= Bella Shaw =

American journalist and news presenter

Bella Shaw is an American TV personality, journalist and news presenter, known for her work on TV infomercials and prior work on CNN from 1984-1993 when her contract as co-host of CNN's "Showbiz Today" program was not renewed.

==Professional life==
Shaw attended the University of Oklahoma, where she earned a degree in journalism while participating in the university's radio station, and began working at WKY Radio in 1976. There, she was a news presenter until being laid off when the station switched to FM format; however, at that time, KTVY (now KFOR-TV) was located in the same building, and she began working there instead.
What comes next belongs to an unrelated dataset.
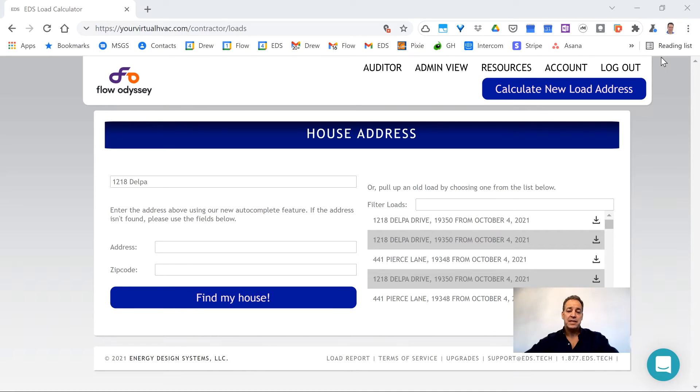It is the easiest, fastest, and most accurate heat loss, heat gain, residential block load calculation tool on the planet.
After seven years at KTVY, during which she was only given shifts on weekends, Shaw concluded that KTVY offered her no chance for career advancement, and applied to the then-nascent Cable News Network, on the grounds that "Ted Turner was hiring a lot of people from Oklahoma". Shaw's first day at CNN was July 12, 1984; although she had not been scheduled to appear on-camera that day, the regular news anchor was temporarily unavailable, and Shaw was chosen to report the news that Walter Mondale had selected Geraldine Ferraro as his running mate for the 1984 presidential election.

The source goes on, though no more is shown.